En l’espèce, une ressortissante étrangère, présente sur le territoire français depuis son enfance et titulaire d’une carte de résident, avait rejoint avec son époux et ses enfants une organisation terroriste en Syrie. Après son retour en France, elle fut condamnée par le tribunal correctionnel de Paris à une peine d’emprisonnement pour participation à une association de malfaiteurs en vue de la préparation d’un acte de terrorisme et soustraction à ses obligations parentales. Suite à cette condamnation, le préfet des Bouches-du-Rhône a prononcé son expulsion du territoire français, estimant que sa présence constituait une menace grave pour l’ordre public.

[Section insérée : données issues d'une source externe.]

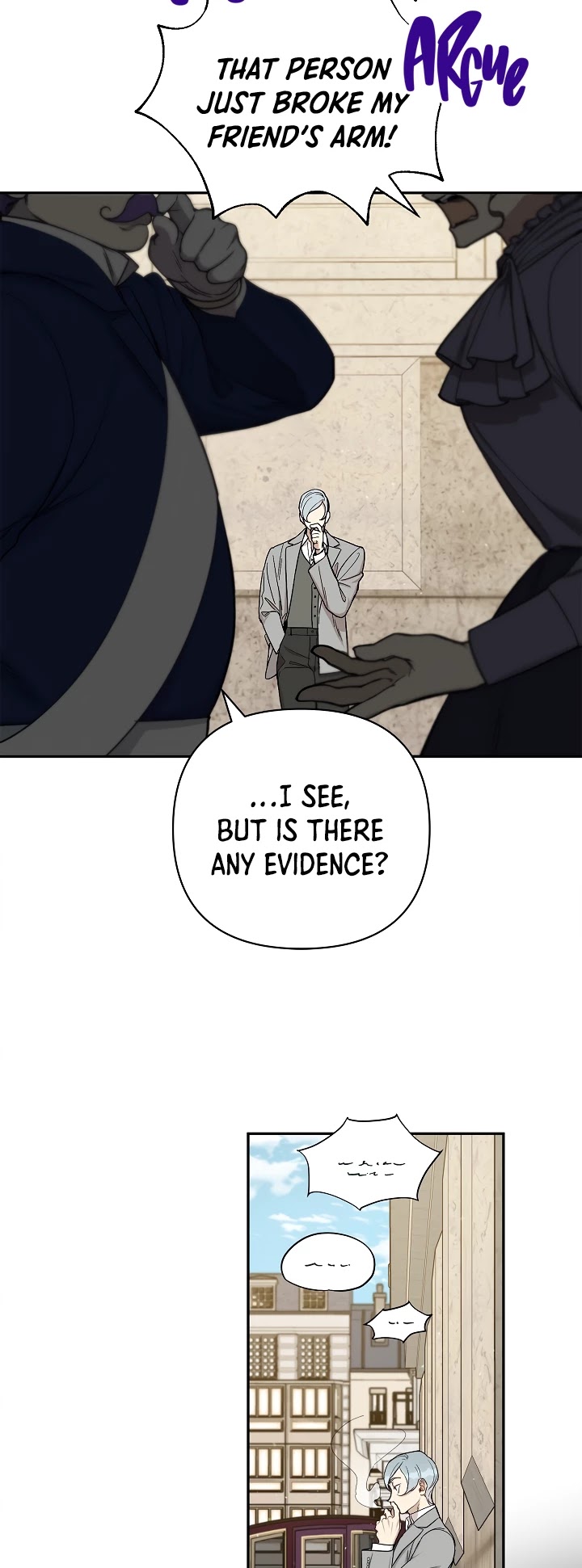 How to be a Dark Hero’s Daughter Chapter 31 page 13 - Chapter 31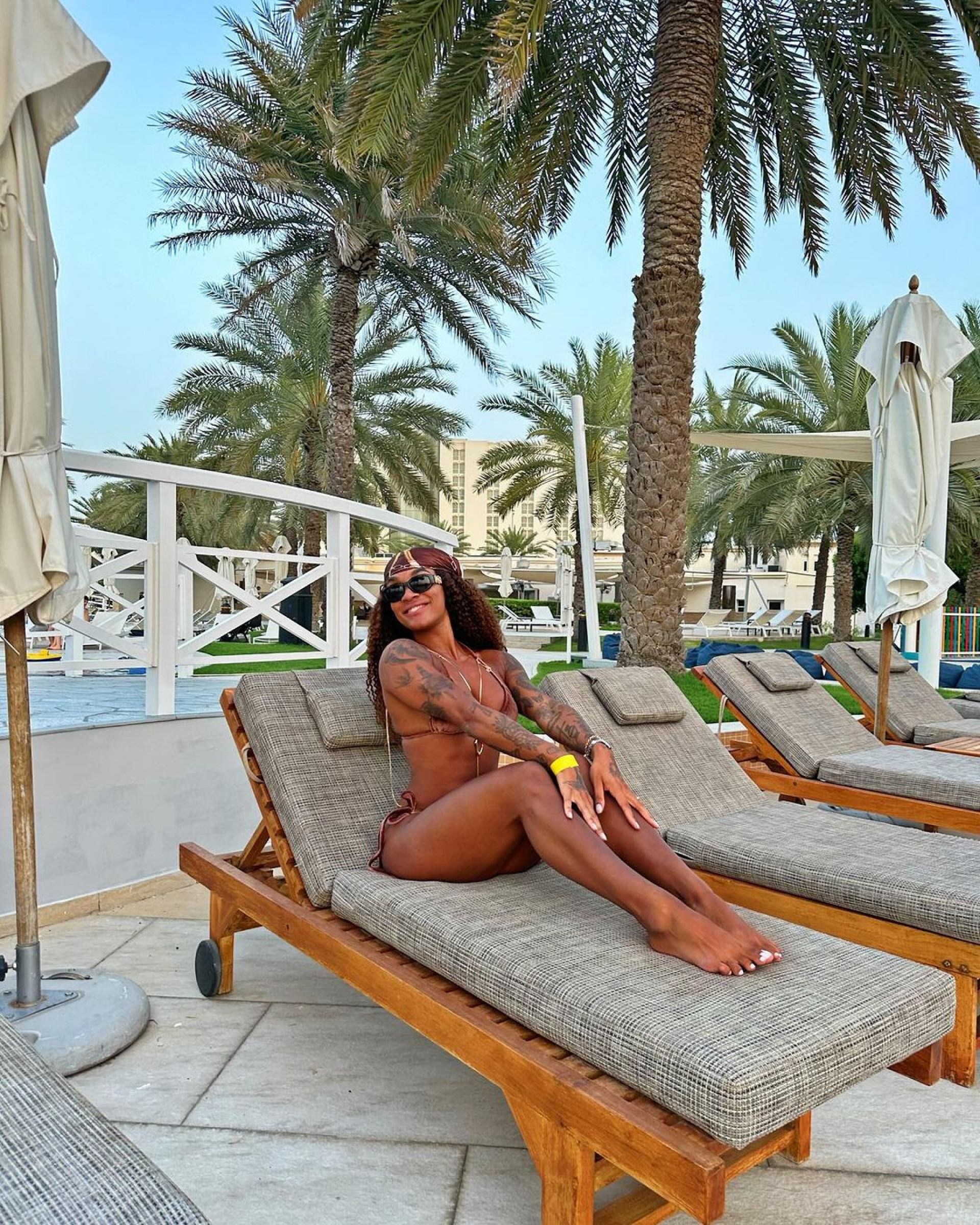 Patrícia Ramos impressiona internautas ao mostrar antes e depois do corpo - Reprodução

Saisi par l’intéressée, le tribunal administratif de Marseille a annulé cet arrêté d’expulsion par un jugement du 26 mars 2025. Le préfet a alors interjeté appel de cette décision, soutenant que la mesure était justifiée par la menace à l’ordre public et n’emportait pas une atteinte disproportionnée à la vie privée et familiale de la requérante. La Cour administrative d’appel était donc confrontée à l’antagonisme entre la décision des premiers juges et la position de l’autorité préfectorale.
Il revenait ainsi aux juges d’appel de déterminer si une condamnation pénale pour des faits de nature terroriste, purgée pour sa partie ferme, suffit à caractériser la persistance d’une menace grave pour l’ordre public justifiant une mesure d’expulsion, nonobstant l’ancienneté du séjour de l’intéressée et la présence de ses enfants français sur le territoire.
À cette question, la Cour répond par l’affirmative, annulant le jugement de première instance et validant la mesure d’expulsion. Elle juge en effet que « c’est à bon droit que le préfet a considéré que [l’intéressée] représentait une menace grave pour l’ordre public ». Elle estime également que « c’est à tort que, par le jugement attaqué, le tribunal administratif a, pour ce motif, annulé la décision d’expulsion », considérant que l’atteinte à la vie privée et familiale n’était pas disproportionnée.
La Cour administrative d’appel, pour infirmer le jugement de première instance, s’attache d’une part à consacrer une conception extensive de la menace à l’ordre public (I), et d’autre part à opérer une mise en balance restrictive des droits de l’intéressée (II).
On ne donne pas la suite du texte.